A diligent student at the Eastman School of Music, she learned that her skills lay in breaking with and reinterpreting the traditions of the academically-pure classical music that she was expected to uphold. Her interests lay more in pop and opera, counting Björk, Laurie Anderson, Meredith Monk, M.I.A, and Missy Elliot as inspirations - all artists who exemplify her mantra that “songcraft is a way of short-circuiting the structures we are sold as real differences in the world”.

Finding communal ecstasy in the temples of choir and rave, Lyra’s immersion in the Berlin techno scene inspired works - including collaborations with Holly Herndon and Colin Self among others - that imbued ritualistic dancefloor experiences with a sense of sonic intimacy. A deep embrace of a spirituality unconstrained by imposed orthodoxies drives her compositional and performance processes. Body and spirit enter trance states in live performances, both fully ensconced in the worlds she projects - worlds where every utterance can sparkle with flame and purpose, and sound is truly seen as an extension of our physical bodies and conscious desires.

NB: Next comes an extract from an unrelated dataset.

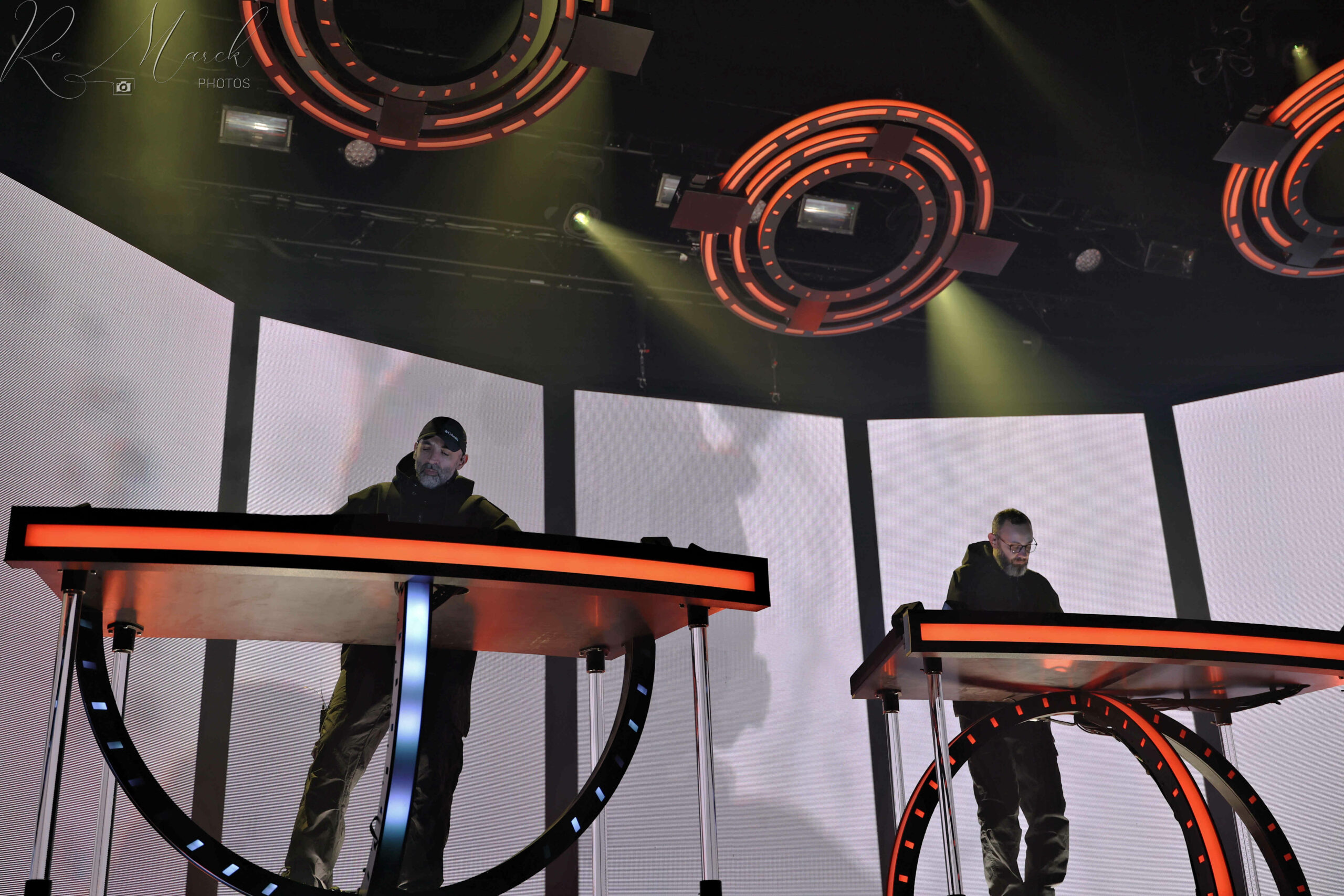 xxCM 28 Chinese Man + Isadora 24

Composed and arranged entirely from the sound of her own voice, Fountain, her debut on Bedroom Community, was hailed as “a potent religious text in praise of human vocality’s promise” (the Quietus). Fountain integrates the intimacies of the club, the emotional multitude of trans experiences, and the forbidding possibilities of social and physical technologies into “an excavation of her own body’s resonant possibilities” (Pitchfork), envisioning a post-human queer futurity. Her forthcoming compilation Delta showcases global interpretation of Fountain’s psyche, through reworking, recomposing, and reconstructing the source material, projecting them through the many lenses of her colleagues and collaborators.

At the core of all these works remains a deeply spiritual aspect - one that proves that spiritual joy cannot be separated from the greater spiritual mission. Acceptance is, and always will be, an ongoing process for Lyra, but her body will remain an instrument of positive change. To her, that is the essence of devotion - a continual process of liberation through sense and sound.